**Data for this task:**
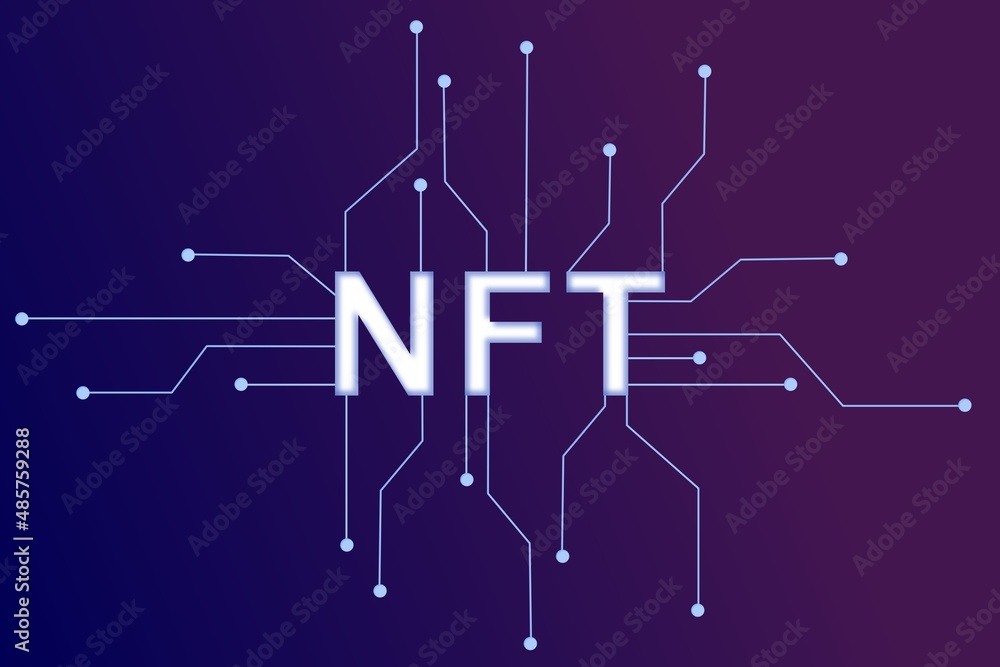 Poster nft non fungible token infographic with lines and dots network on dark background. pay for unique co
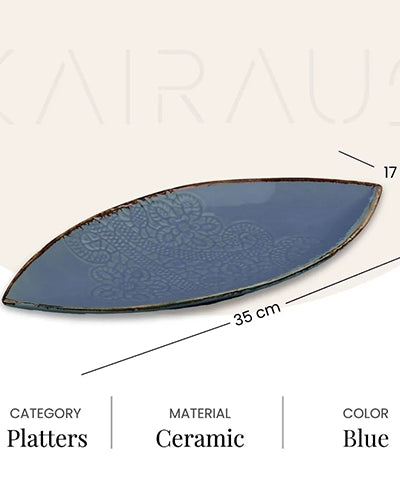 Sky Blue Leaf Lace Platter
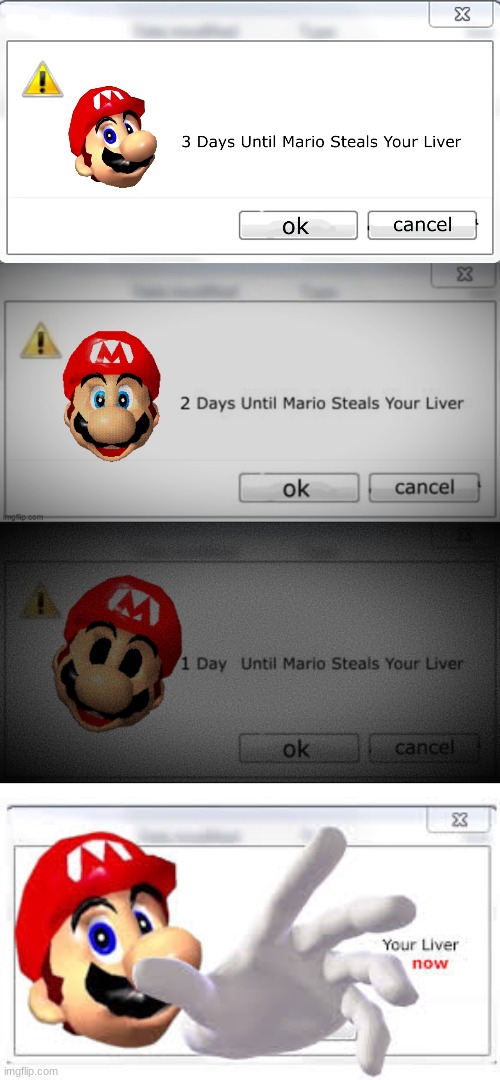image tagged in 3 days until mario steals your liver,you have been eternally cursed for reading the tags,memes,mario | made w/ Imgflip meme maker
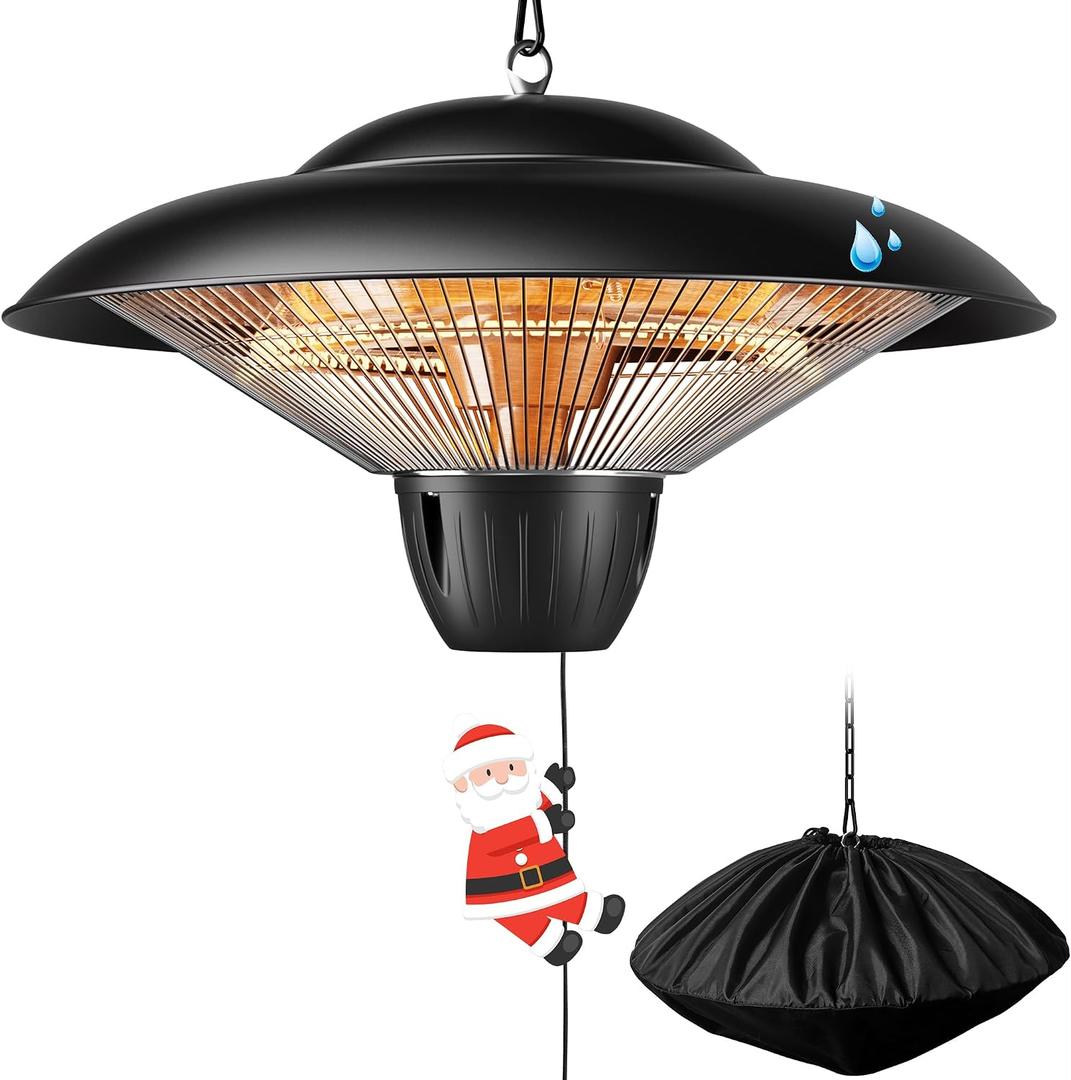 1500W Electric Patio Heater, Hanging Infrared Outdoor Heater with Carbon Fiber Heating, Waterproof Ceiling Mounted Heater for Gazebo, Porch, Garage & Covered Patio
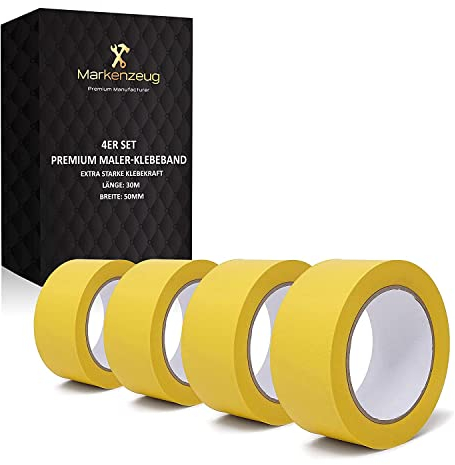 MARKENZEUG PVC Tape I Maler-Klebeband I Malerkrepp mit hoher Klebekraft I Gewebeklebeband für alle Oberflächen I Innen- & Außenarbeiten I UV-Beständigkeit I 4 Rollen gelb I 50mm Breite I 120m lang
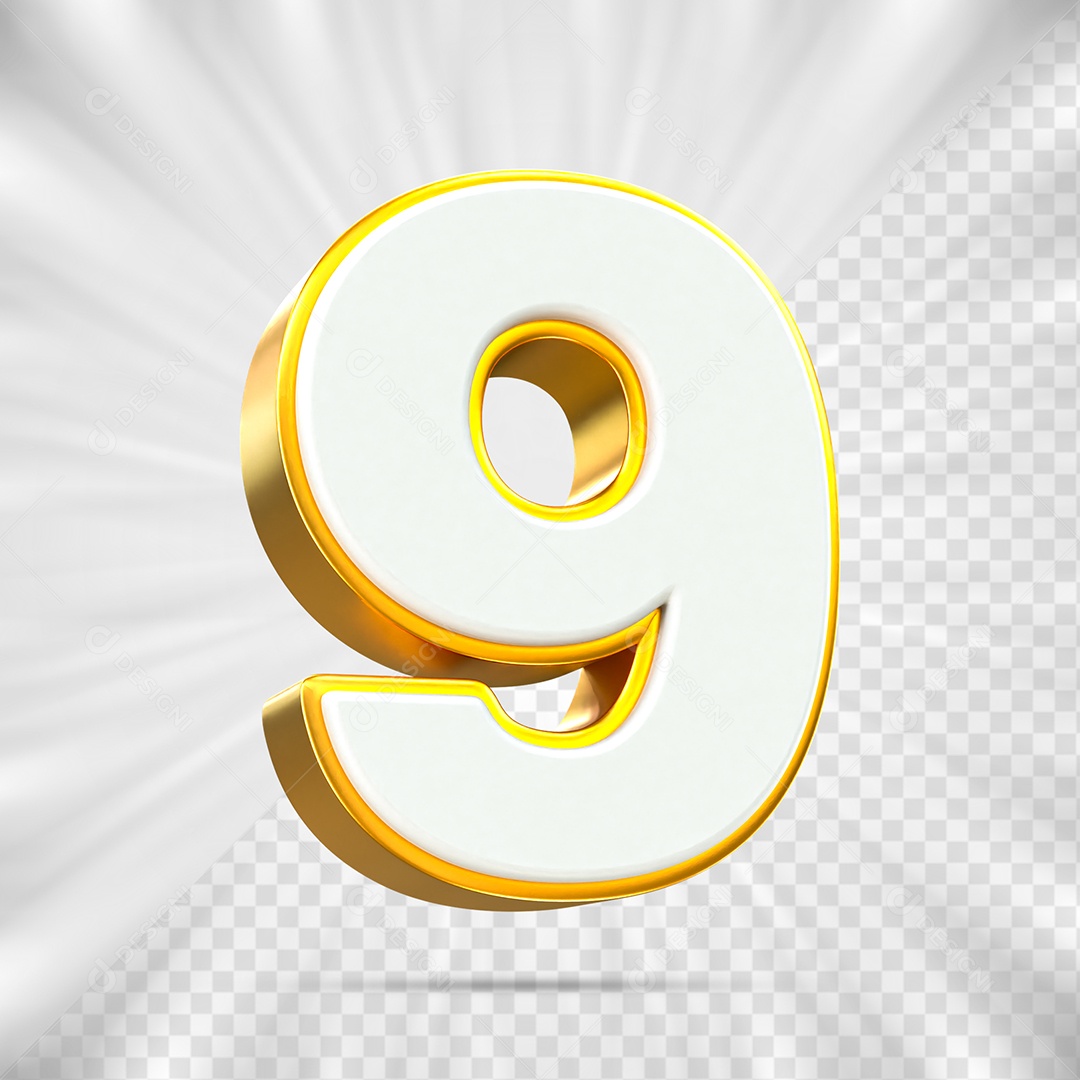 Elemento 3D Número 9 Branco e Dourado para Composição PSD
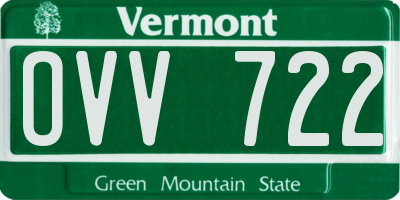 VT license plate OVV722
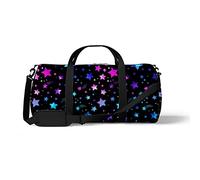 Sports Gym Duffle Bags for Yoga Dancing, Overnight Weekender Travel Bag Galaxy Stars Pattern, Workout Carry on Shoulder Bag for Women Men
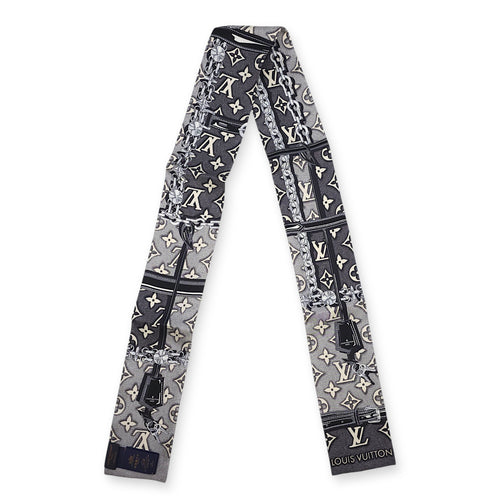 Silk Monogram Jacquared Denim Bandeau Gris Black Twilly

**Your goal:** Your reply should consist only of the lines running from the line with "image tagged in" to the end of the entries, both included, copied exactly and without any pictures.

**Expected answer:**
image tagged in 3 days until mario steals your liver,you have been eternally cursed for reading the tags,memes,mario | made w/ Imgflip meme maker
 1500W Electric Patio Heater, Hanging Infrared Outdoor Heater with Carbon Fiber Heating, Waterproof Ceiling Mounted Heater for Gazebo, Porch, Garage & Covered Patio
 MARKENZEUG PVC Tape I Maler-Klebeband I Malerkrepp mit hoher Klebekraft I Gewebeklebeband für alle Oberflächen I Innen- & Außenarbeiten I UV-Beständigkeit I 4 Rollen gelb I 50mm Breite I 120m lang
 Elemento 3D Número 9 Branco e Dourado para Composição PSD
 VT license plate OVV722
 Sports Gym Duffle Bags for Yoga Dancing, Overnight Weekender Travel Bag Galaxy Stars Pattern, Workout Carry on Shoulder Bag for Women Men
 Silk Monogram Jacquared Denim Bandeau Gris Black Twilly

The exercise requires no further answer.